• **Provided data**
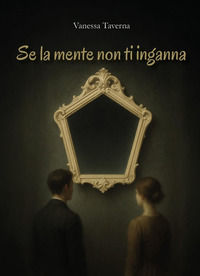 9791224013037 - Se la mente non ti inganna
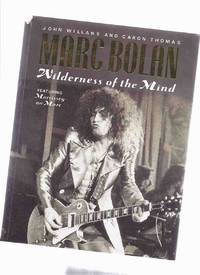 Marc Bolan:  Wilderness of the Mind, Featuring Morrissey on Marc ---by John  Willans and Caron Thomas ( T-Rex / Tyrannosaurus Rex )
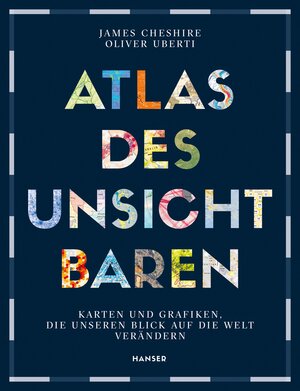 Buchcover Atlas des Unsichtbaren | James Cheshire | EAN 9783446270930 | ISBN 3-446-27093-0 | ISBN 978-3-446-27093-0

• **What to produce**
The material above must be reproduced line for line, with the images omitted.

• **Written response**
 9791224013037 - Se la mente non ti inganna
 Marc Bolan:  Wilderness of the Mind, Featuring Morrissey on Marc ---by John  Willans and Caron Thomas ( T-Rex / Tyrannosaurus Rex )
 Buchcover Atlas des Unsichtbaren | James Cheshire | EAN 9783446270930 | ISBN 3-446-27093-0 | ISBN 978-3-446-27093-0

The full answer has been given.